# My new 30gal cube hood project journal



## pwilson460 (Jul 8, 2007)

Hi in this thread i will show the process in which my new hood is being made by my dad.
Enjoy!!
cutting boards








Mock up








Drying








gluing on molding








the assembled top








bottom with molding on









MORE TO COME

PW


----------



## kunerd (Aug 2, 2007)

Dang looks nice. I wish i had all those toys in my garage


----------



## pwilson460 (Jul 8, 2007)

Yea theres so many "toys" that its practically impossible to move in there lol

but its his hobby like fish keeping is mine

PW


----------



## hoppycalif (Apr 7, 2005)

Your dad really does professional looking work! I'm looking forward to seeing the finished job.


----------



## pwilson460 (Jul 8, 2007)

Here is a pic of the hood on the tank 
enjoy









PW


----------



## hoppycalif (Apr 7, 2005)

Looks good! How will you finish it, does it have an openable top or is it hinged somewhere, and what lighting goes in it?


----------



## pwilson460 (Jul 8, 2007)

Well the design calls for the lid to hinge in the middle. This was just a test fit to see what it would look like.

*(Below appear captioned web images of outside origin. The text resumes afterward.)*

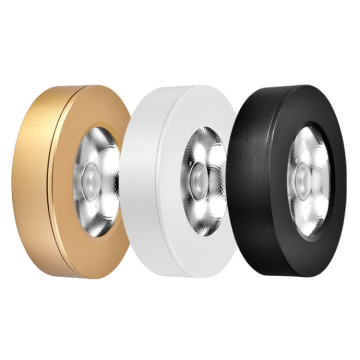 Ultra -Slim LED Downlight 3W/5W 230V/110V - Λευκό/Χρυσό ή Ξύλινο Χρώμα για Οροφή &amp; Διάδρομο στο σπίτι
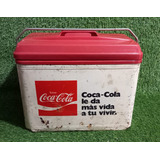 Antigua Heladera Conservadora Original Coca Cola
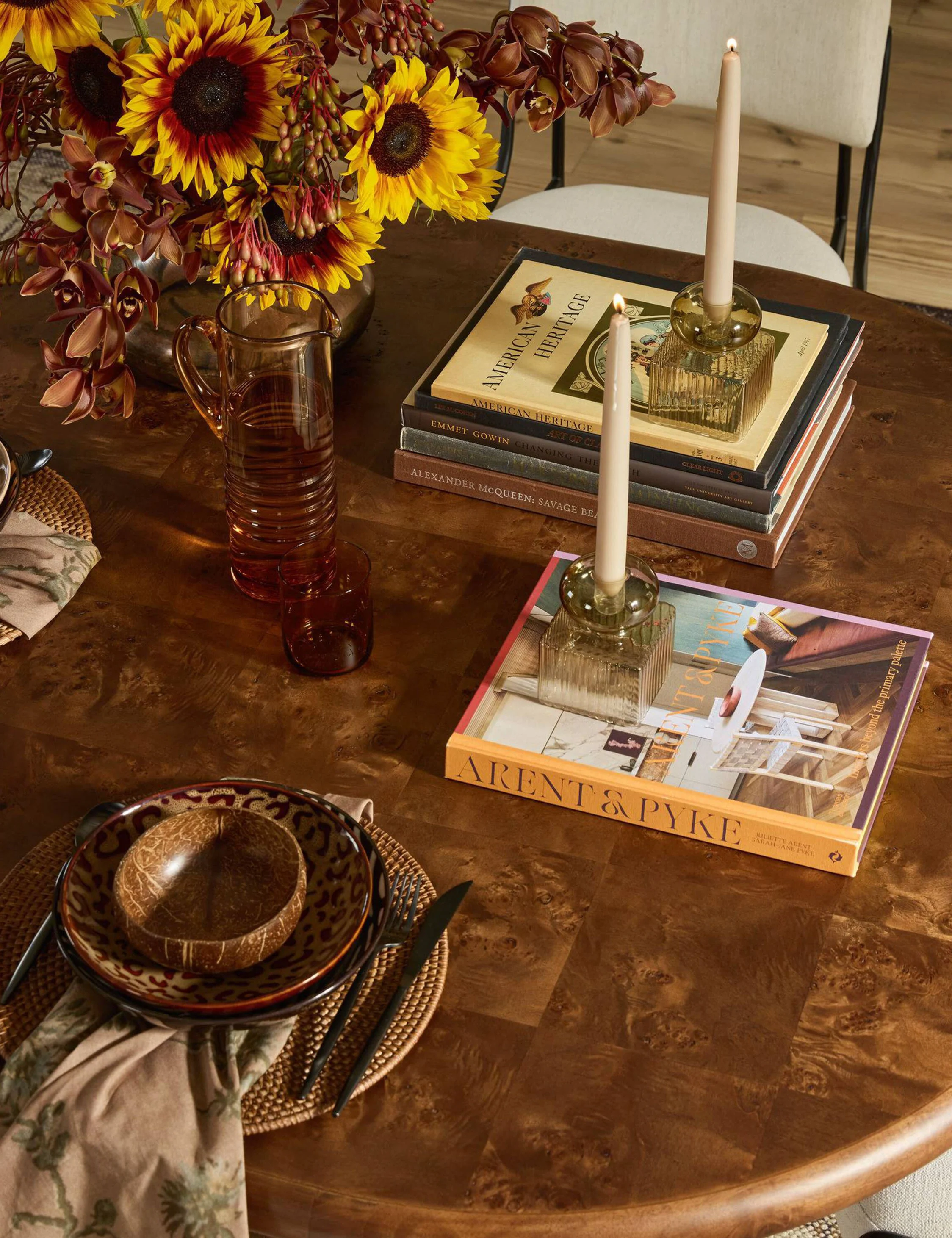 Malko Square Dining Table by Amber Lewis x Four Hands - AYG Home Service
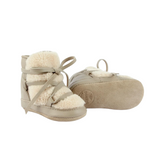 Donsje Inuk Lining Baby Boots - Light Stone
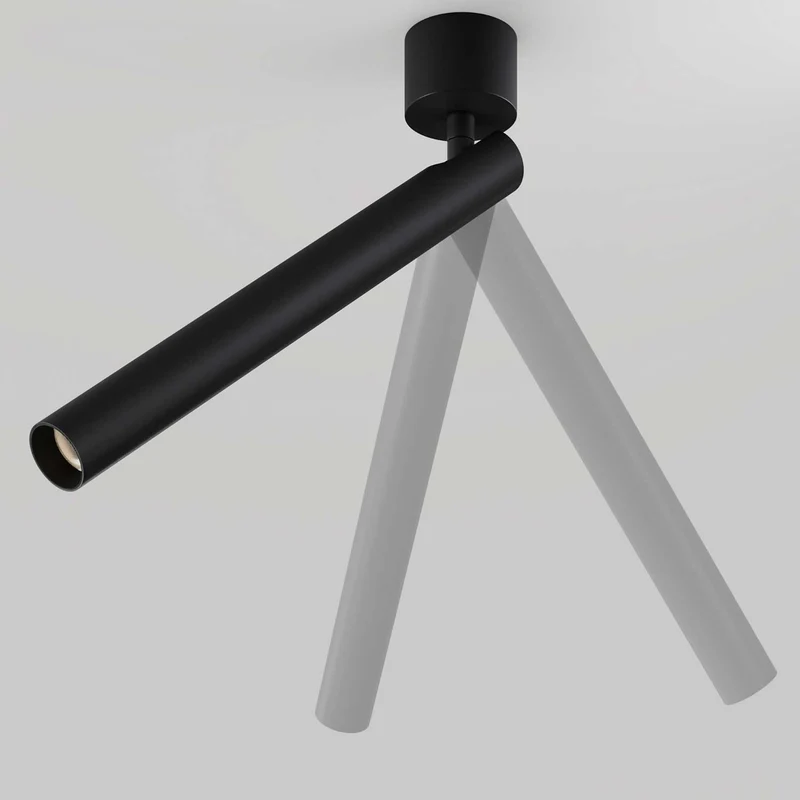 Focus T - Spot LED ultra-fin en aluminium, style contemporain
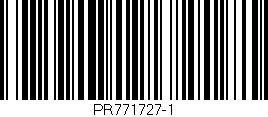 Código de barras (EAN, GTIN, SKU, ISBN): 'PR771727-1'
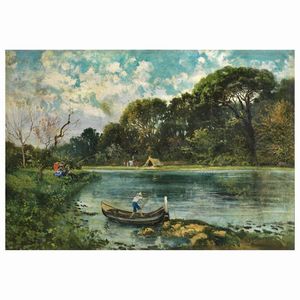 Vincenzo Scala  - Asta ARCADE | DIPINTI DAL XIX AL XX SECOLO - Associazione Nazionale - Case d'Asta italiane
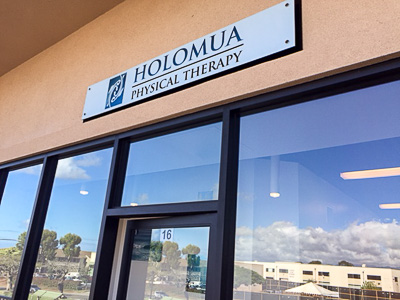 Holomua Physical Therapy - Waipio Entrance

I plan on staining the middle section a dark cherry color to match the stand, and the top and bottom molding part will be painted black to match the top of the stand.

For lighting i will be putting a 96watt pc kit in it.

I cant wait to show more

PW


----------



## jopapeca (Mar 4, 2007)

Hi, really very nice work.
:hail: :hail: :hail: :hail:


----------



## pwilson460 (Jul 8, 2007)

Hey heres a new update. This is it with the paint and the stain. I still got a few coats to put on it.


----------